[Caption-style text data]
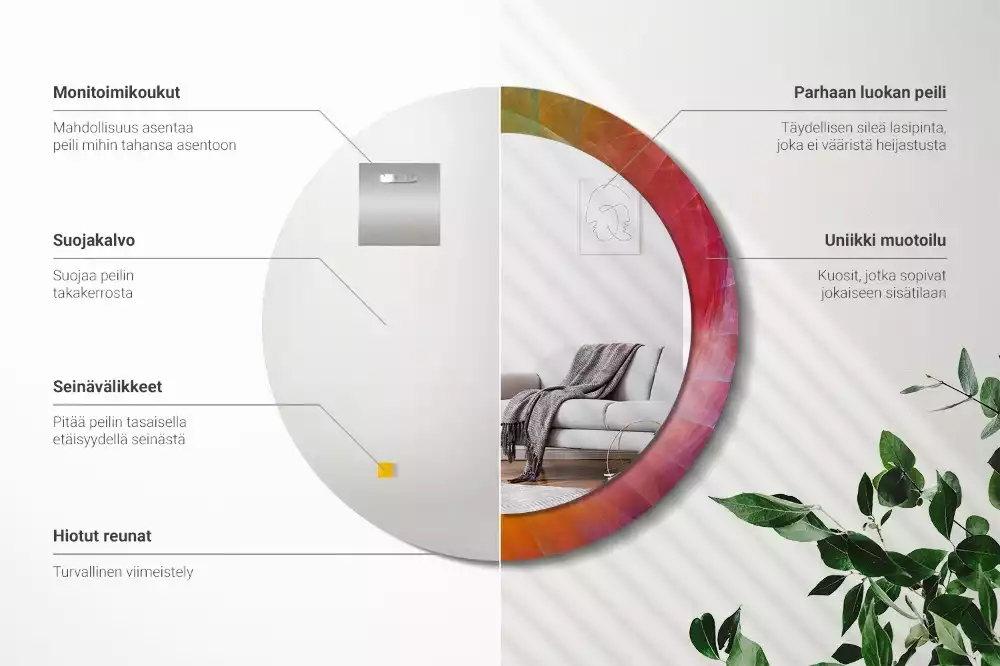 Lustro okrągłe z drukowaną ramką w palecie barw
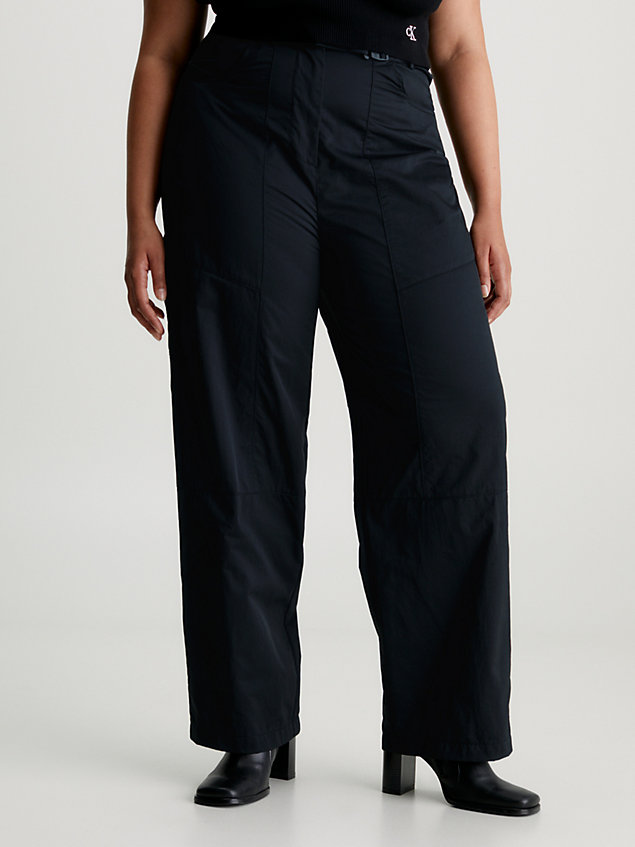 black high rise relaxed belted trousers for women calvin klein jeans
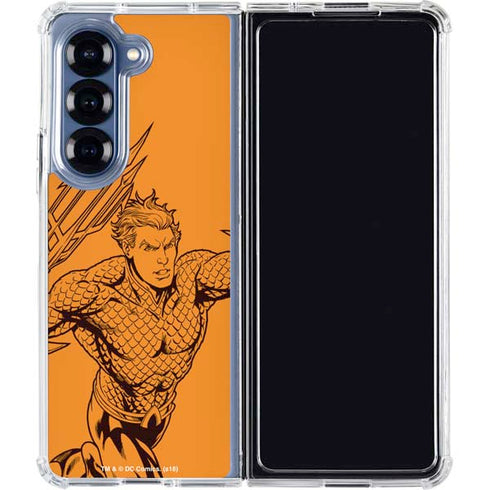 DC Comics Aquaman Comic Pop Galaxy Z Fold6 Clear Case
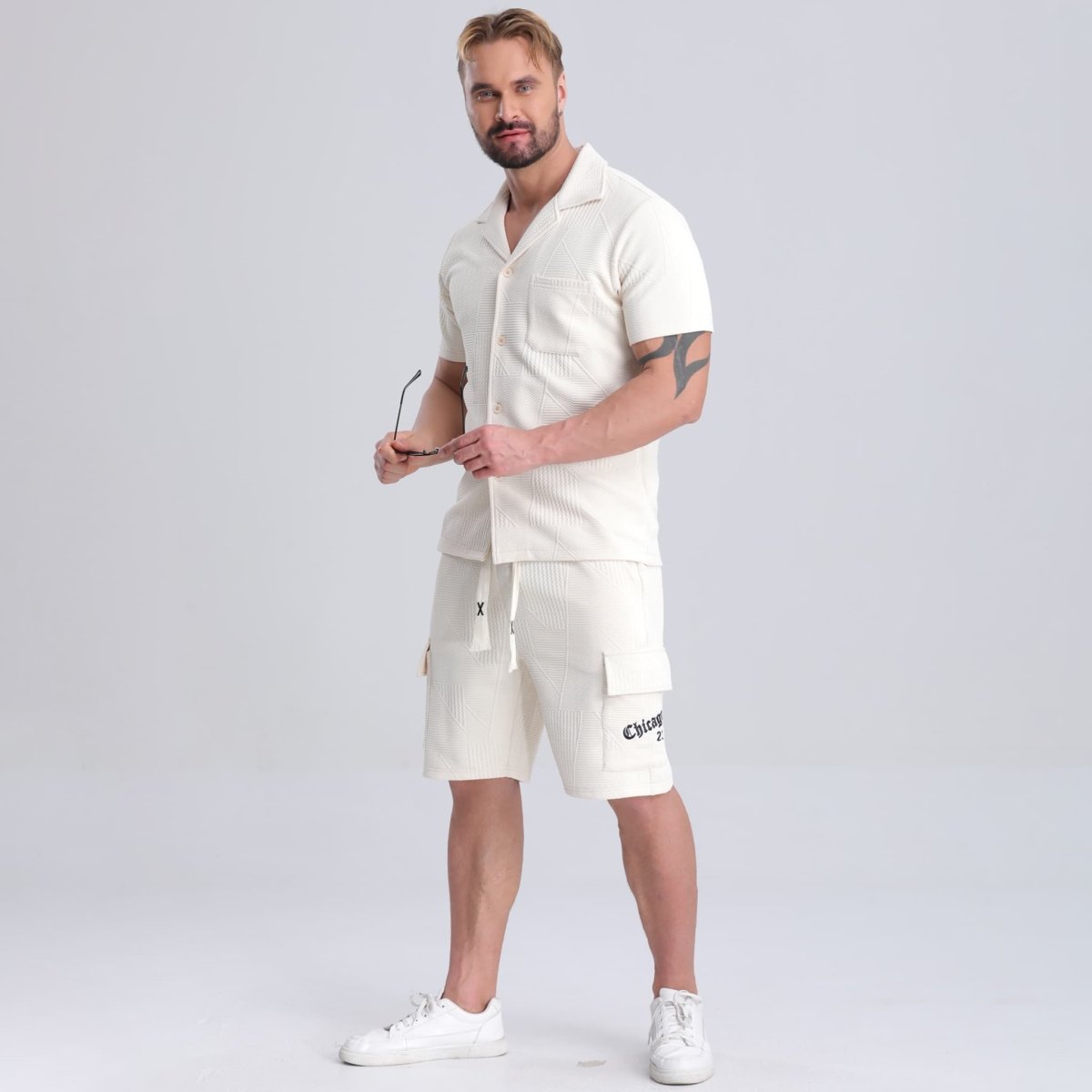 knitted jacquard summer beige shorts men drawstring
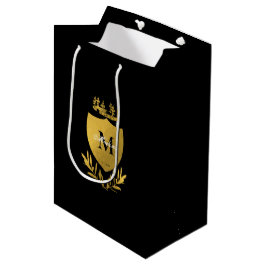 Black & Gold Royal Emblem Shield Monogram Mittlere Geschenktüte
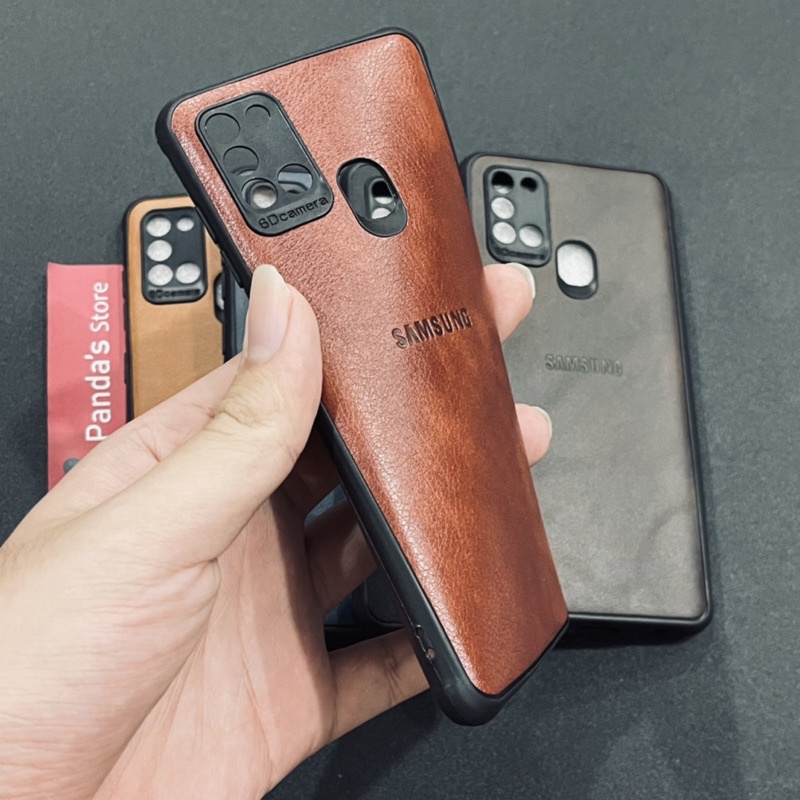 Leather Case Samsung A21s Softcase Kulit Elegan Casing Slim Fit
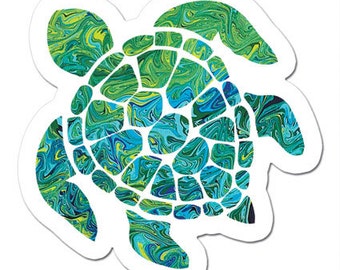 The Mini Sea Turtle Art Sticker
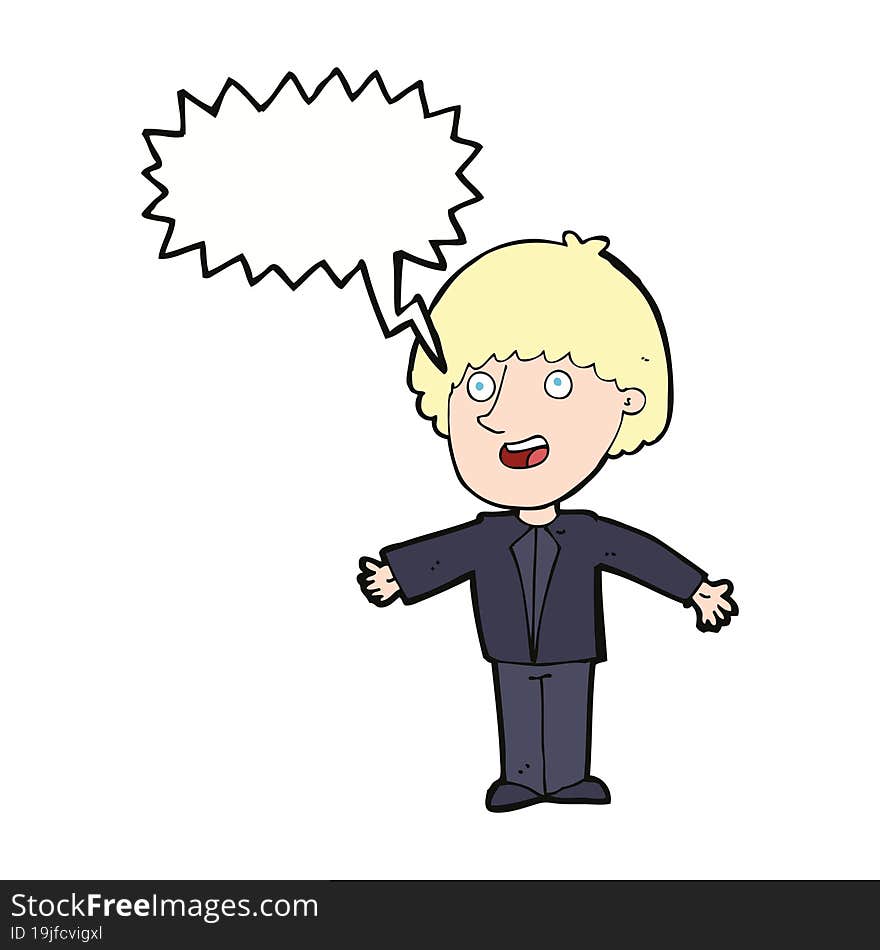 Cartoon Happy Man With Speech Bubble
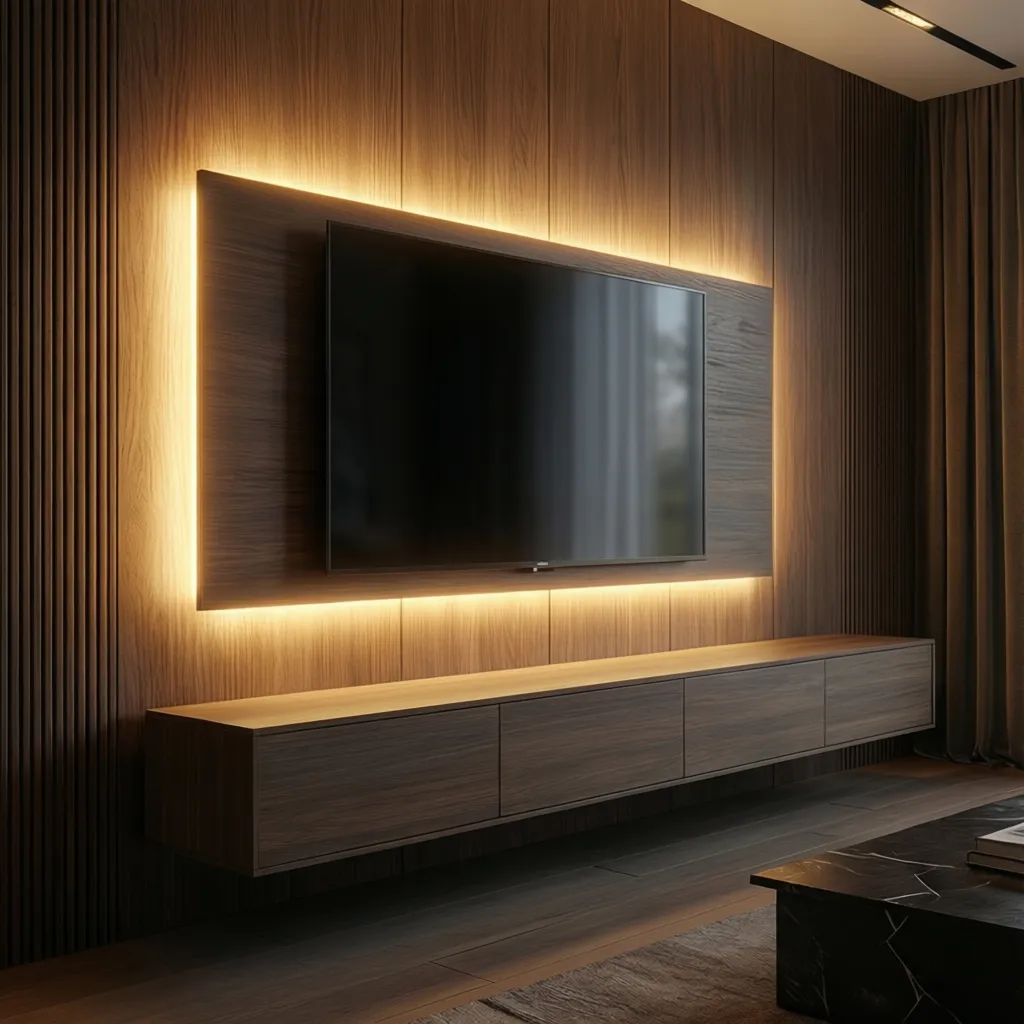 Close view of LED lighting behind TV panel and cabinet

◆ What the task requires
The answer must restate each entry word for word and contain no images.

◆ Task solution
 Lustro okrągłe z drukowaną ramką w palecie barw
 black high rise relaxed belted trousers for women calvin klein jeans
 DC Comics Aquaman Comic Pop Galaxy Z Fold6 Clear Case
 knitted jacquard summer beige shorts men drawstring
 Black & Gold Royal Emblem Shield Monogram Mittlere Geschenktüte
 Leather Case Samsung A21s Softcase Kulit Elegan Casing Slim Fit
 The Mini Sea Turtle Art Sticker
 Cartoon Happy Man With Speech Bubble
 Close view of LED lighting behind TV panel and cabinet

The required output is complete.